Bush understood the heartfelt opposition from exiles but recognized that there was little that could be done legally to keep Elián on U.S. soil. The new governor displayed a careful political touch that kept him in the good graces of Miami Cubans, who to this day speak of Bush as one of their own.

Moderate or conservative?

That’s the moderate Bush some supporters want in the White House. But over the next five years, Bush would take a markedly more polarizing, conservative approach when he pushed the limits of his executive power to try to keep Terri Schiavo, a brain-damaged St. Petersburg woman, alive. As with Elián, Bush had no legal authority to step in. Yet he did in the Schiavo case, over and over again, to fight for what he considered an absolute, faith-driven, moral issue.

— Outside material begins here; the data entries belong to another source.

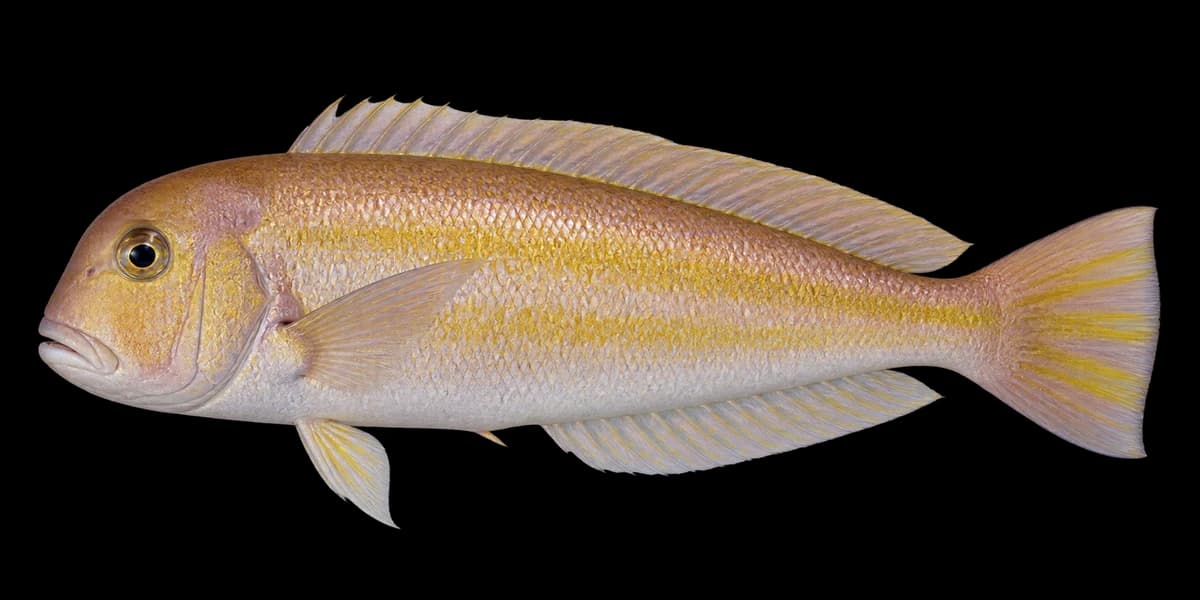 Golden tilefish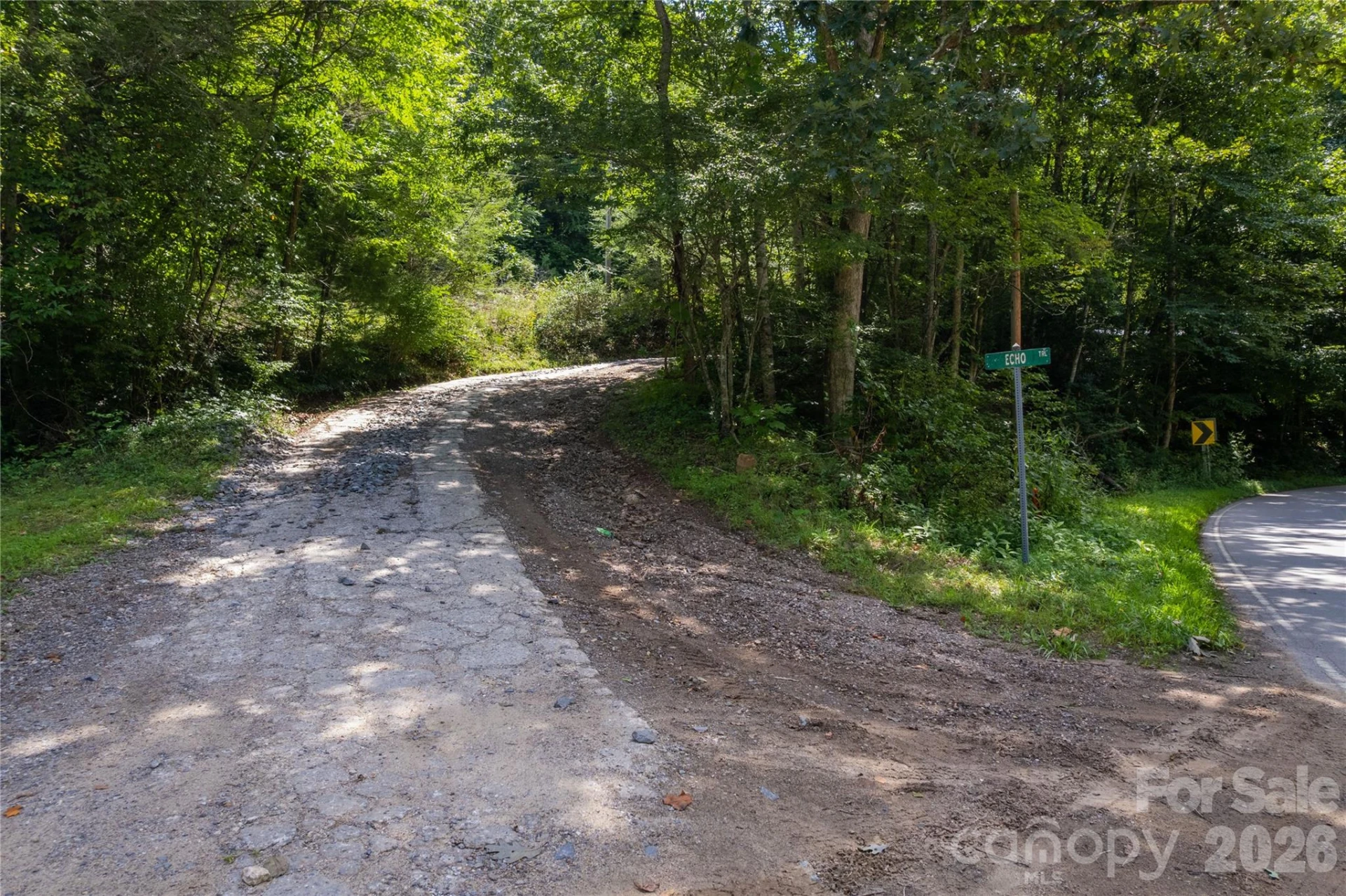 OFF Little East Fork Road #L-1 - Photo 14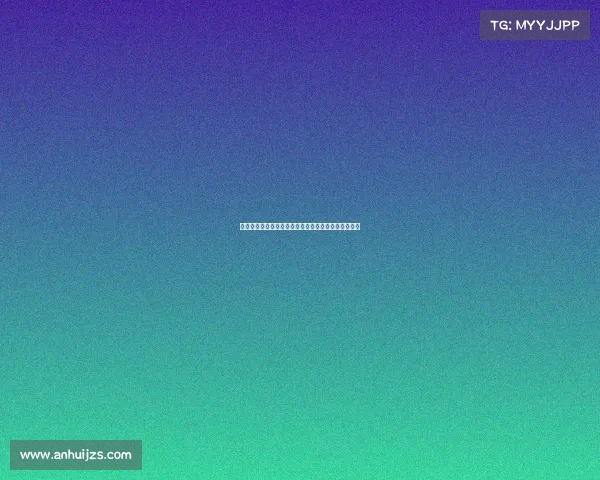 高效整理装备的技巧与方法，提升你的生活与工作效率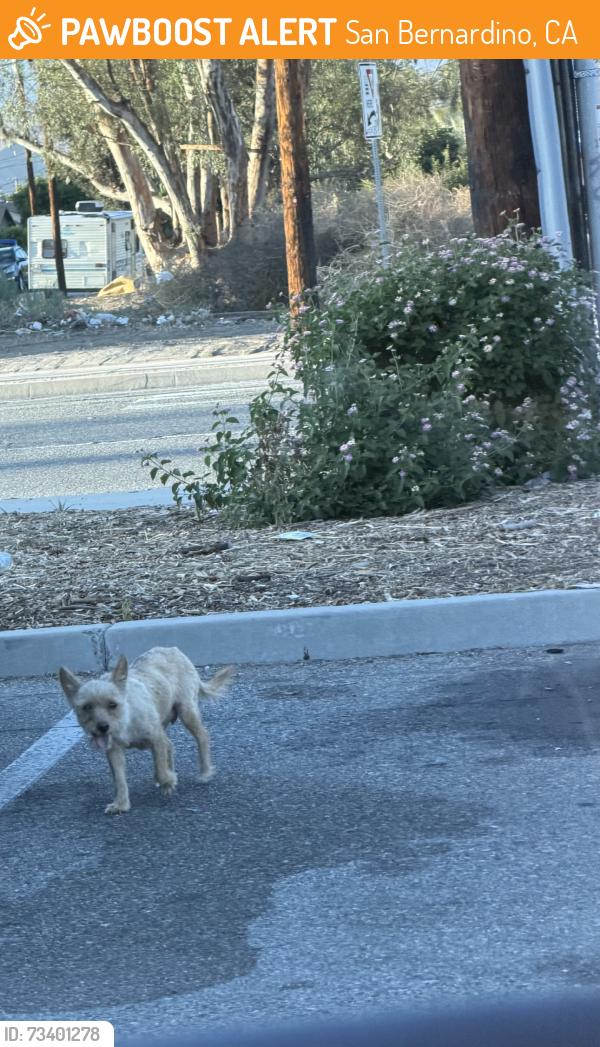 Found/Stray Unknown Dog last seen Family Dollar parking lot, San Bernardino, CA 92411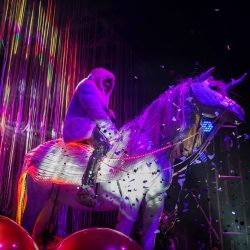 02-the-flaming-lips-10
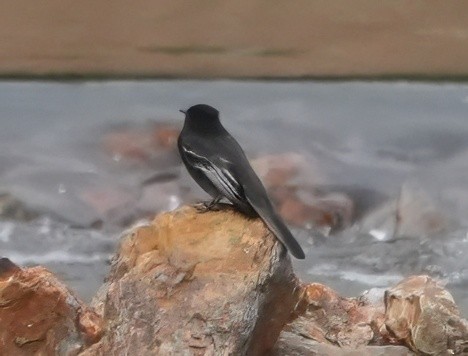 Black Phoebe - ML644600555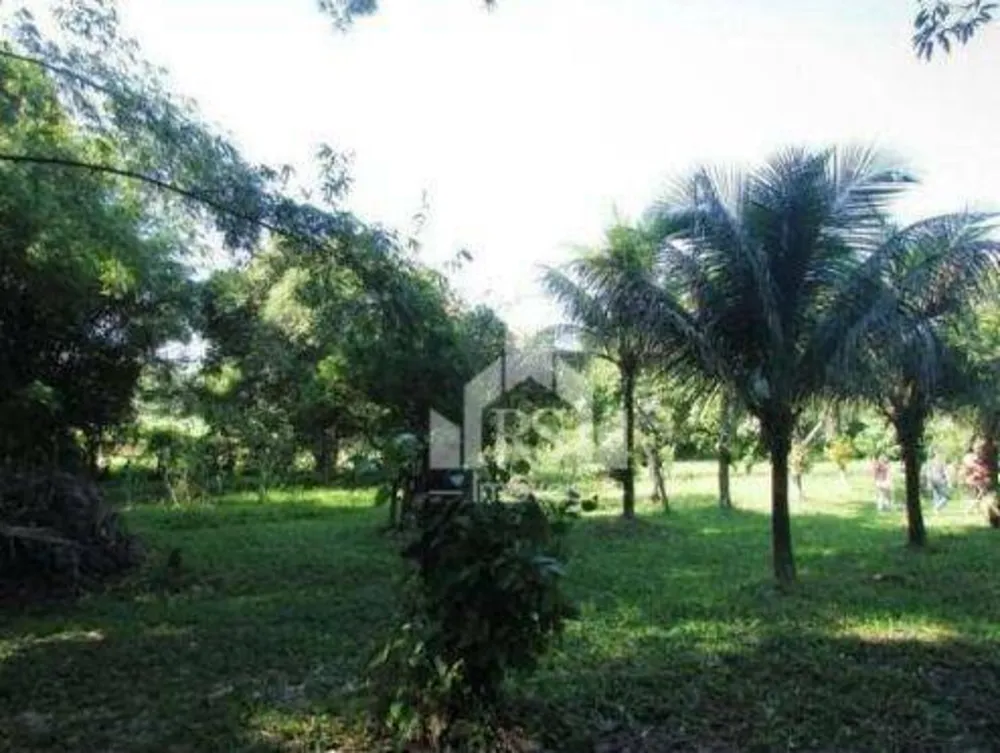 Chácara, 2 quartos, 8200 m² - Foto 1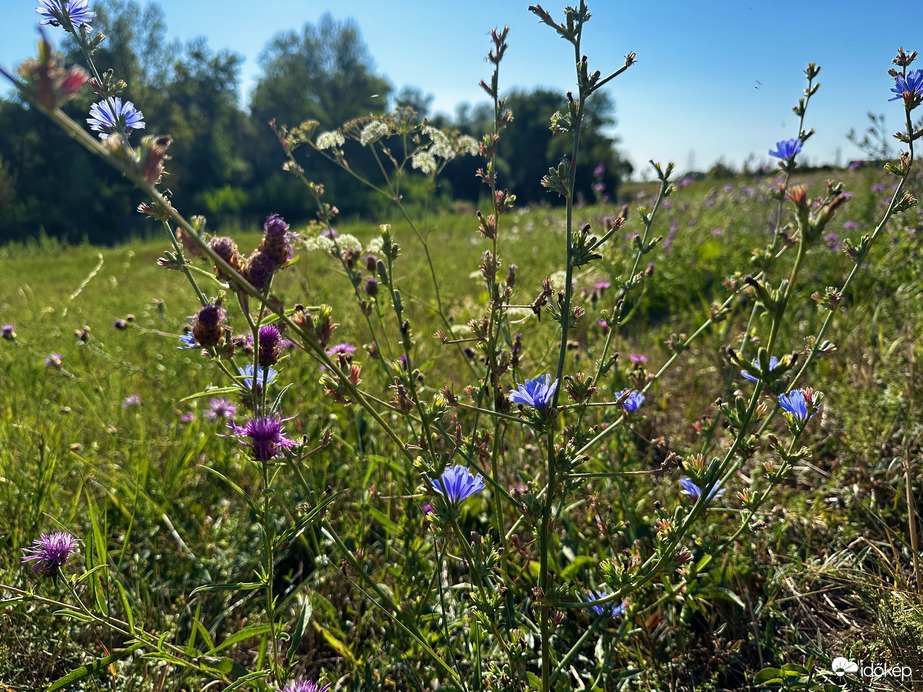 Természet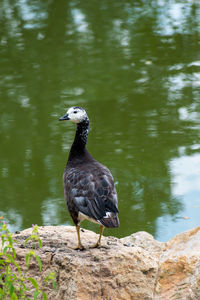 Bird perching on rock by lake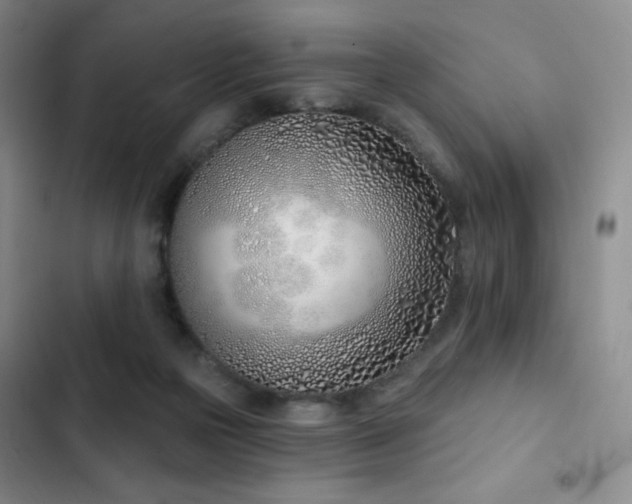 X0000103170169200808221243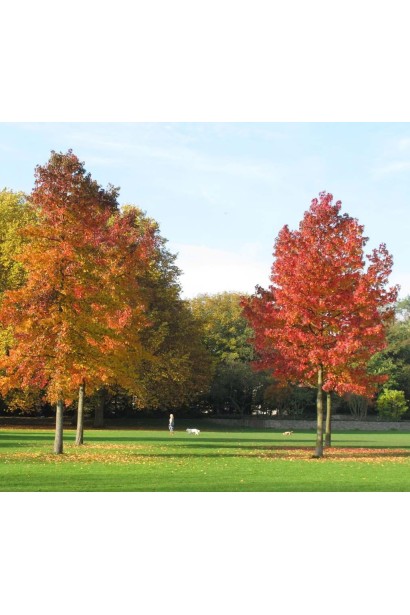 Ліквідамбар смолоносний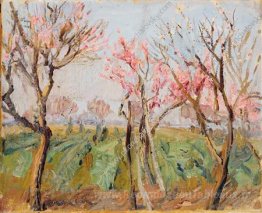 Jardin près de Rome. Pêches en fleurs.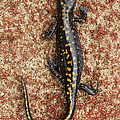 Santa Cruz Long Toed Salamander Aptos Photograph by Sebastian Kennerknecht Santa Cruz Long Toed Salamander Aptos Photograph by Sebastian Kennerknecht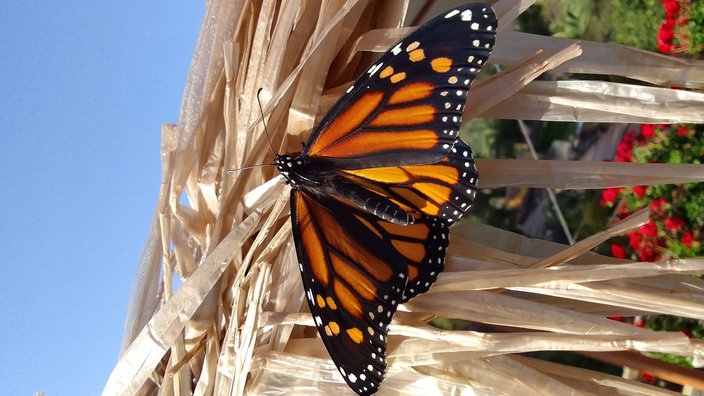 Insektenfoto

In Bush’s eyes, the government couldn’t give permission for Schiavo to die. With Elián, things were different. The government could return a little boy to live with his father in Cuba.

During the Elián case, Bush stayed above the fray in Tallahassee, while still closely following developments in Miami. Emails from Bush’s eight years in the Governor’s Mansion show that during the most tense periods of the five-month standoff, Bush received frequent updates from Florida Department of Law Enforcement brass. One was so detailed that it noted what a host had said on a Spanish-language AM radio station. The former governor’s emails were re-released last month and made searchable by the Florida Center for Investigative Reporting.

The emails show that Bush, who famously included his BlackBerry in his official portrait, was unusually engaged with the public, responding quickly and thoughtfully to the many people outside politics who wrote him regularly, often to criticize.

The day after the feds took Elián, Molly Volz of Pensacola accused Bush of playing politics. “If the President was Republican, you most likely would have supported the action.”

“Please do not have one of your aides respond,” she wrote. “No response is better.”

Bush answered himself: “I am saddened by the federal government’s decision to take Elián by force out of his Miami home when there was significant progress being made to reach an accommodation with the father.”

Elián rescued

Elián had been plucked from the Atlantic Ocean on Thanksgiving Day 1999. He was floating on an inner tube after the boat carrying him had capsized, killing his mother and 10 others.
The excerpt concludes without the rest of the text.